To study novel treatment modalities for pancreatic ductal adenocarcinoma (PDAC), we need to transfer the knowledge from in vitro to in vivo. It is important to mirror the clinical characteristics of the typically local invasive growth of pancreatic cancer and the distant spread resulting in liver metastasis. Notably, for xenotransplant studies using human specimen, two models, i.e. subcutaneous (s.c.) and orthotopic (o.t.) transplantation are widely used.

The subcutaneously and orthotopically inoculated Colo357 Bcl-xL cell-derived tumors were directly compared with and without TNF-related apoptosis inducing ligand (TRAIL) treatment. The size of primary tumors, number of liver metastasis and the histologic markers Ki67, M30, TNF-α and CD31 were assessed.

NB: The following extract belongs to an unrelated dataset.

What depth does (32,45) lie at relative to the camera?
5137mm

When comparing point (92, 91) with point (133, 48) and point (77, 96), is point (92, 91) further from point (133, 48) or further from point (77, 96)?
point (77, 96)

Upon TRAIL treatment, the primary tumors did not change their size, neither in the s.c. nor in the o.t. approaches. But when s.c. was compared to o.t., the size of the s.c. tumors was more than two-fold bigger than that of the o.t. tumors (P < 0.01). However, mice with orthotopically inoculated PDAC cells developed liver metastasis upon TRAIL treatment much more frequently (n = 13/17) than mice with subcutaneously inoculated PDAC cells (n = 1/11) (P < 0.01). As a likely driving force for this increased metastasis, a higher TNF-α staining intensity in the o.t. tumors was observed by immunohistochemistry.

These data from a direct side-by-side comparison underline the importance of the proper inoculation site of the PDAC cells. Local invasion and liver metastases are a hallmark of PDAC in the clinic; the o.t. model is clearly superior in reflecting this setting. Moreover, a serious side-effect of a possible new therapeutic compound became obvious only in the o.t.